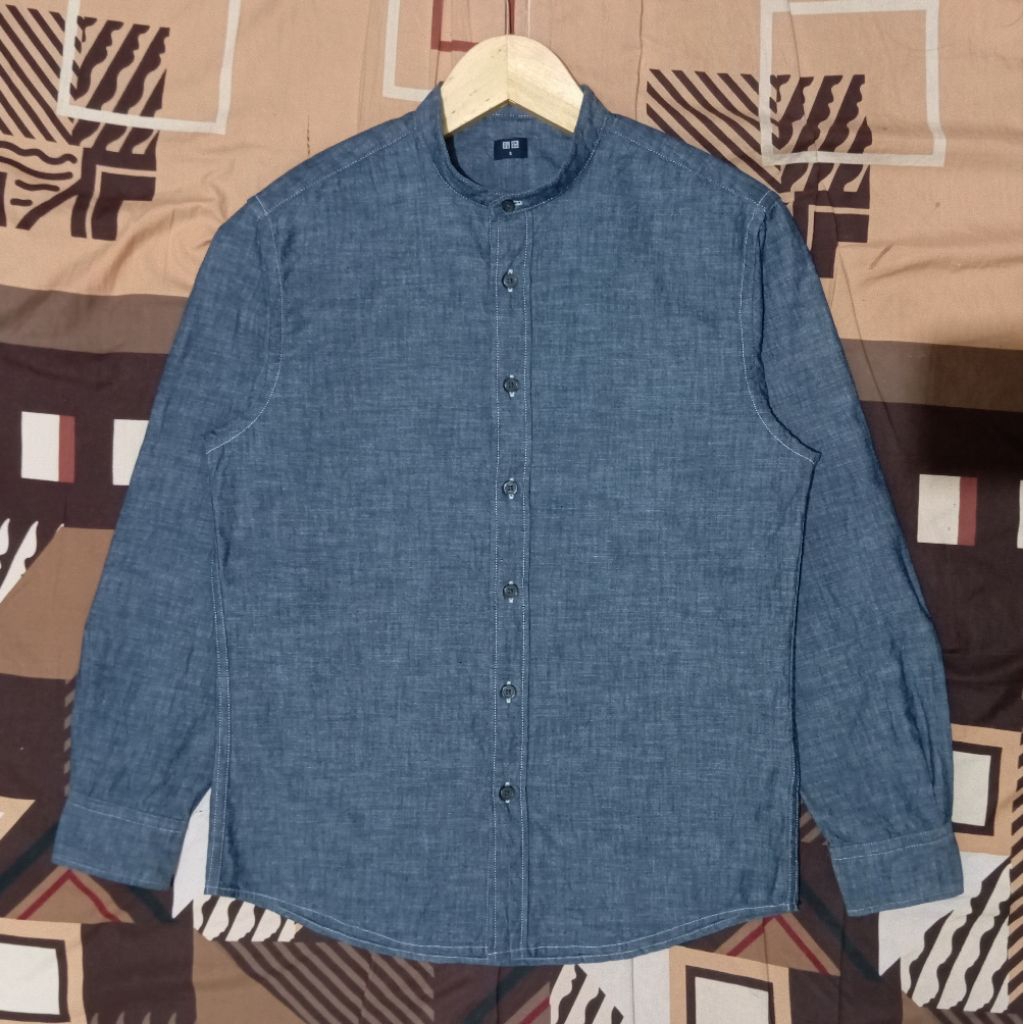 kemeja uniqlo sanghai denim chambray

====

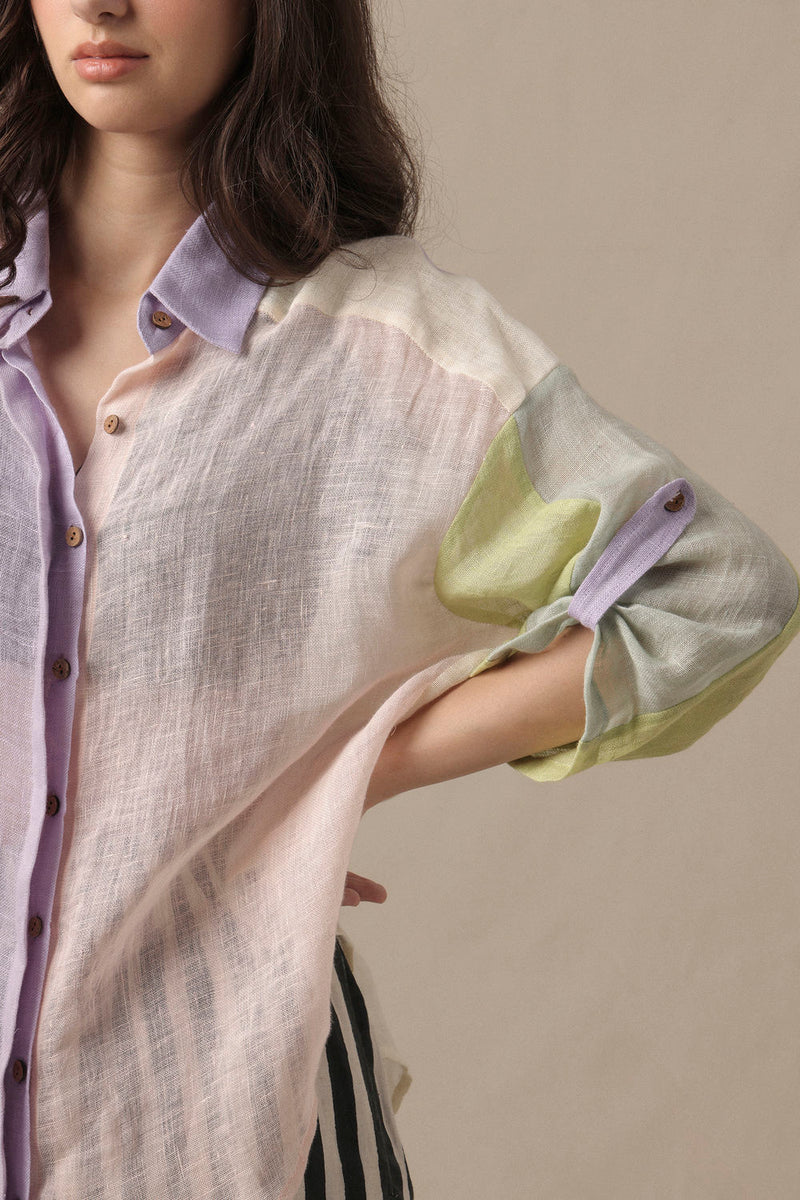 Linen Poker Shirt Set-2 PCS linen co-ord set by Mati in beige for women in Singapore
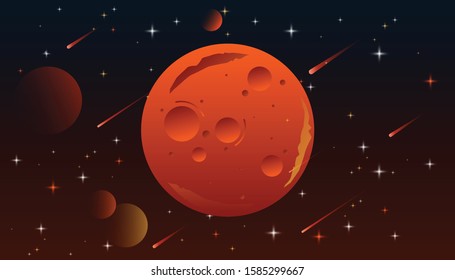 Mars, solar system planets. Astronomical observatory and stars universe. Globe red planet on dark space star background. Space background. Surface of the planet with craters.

====

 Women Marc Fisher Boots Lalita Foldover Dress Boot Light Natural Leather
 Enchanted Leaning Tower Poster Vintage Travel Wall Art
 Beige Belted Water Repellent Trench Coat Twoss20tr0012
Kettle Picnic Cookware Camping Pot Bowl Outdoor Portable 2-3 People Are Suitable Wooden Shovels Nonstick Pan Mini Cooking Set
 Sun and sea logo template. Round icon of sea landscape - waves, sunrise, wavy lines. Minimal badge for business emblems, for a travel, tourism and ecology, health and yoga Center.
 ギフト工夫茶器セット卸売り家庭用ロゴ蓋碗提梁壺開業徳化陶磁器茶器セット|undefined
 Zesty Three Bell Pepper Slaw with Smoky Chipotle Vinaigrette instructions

====

■ **Problem description**: Return only the part of the records above that opens with the line containing "Beige Belted Water" and closes with the line containing "Zesty Three Bell", ends included.

■ **Task solution**:
 Beige Belted Water Repellent Trench Coat Twoss20tr0012
Kettle Picnic Cookware Camping Pot Bowl Outdoor Portable 2-3 People Are Suitable Wooden Shovels Nonstick Pan Mini Cooking Set
 Sun and sea logo template. Round icon of sea landscape - waves, sunrise, wavy lines. Minimal badge for business emblems, for a travel, tourism and ecology, health and yoga Center.
 ギフト工夫茶器セット卸売り家庭用ロゴ蓋碗提梁壺開業徳化陶磁器茶器セット|undefined
 Zesty Three Bell Pepper Slaw with Smoky Chipotle Vinaigrette instructions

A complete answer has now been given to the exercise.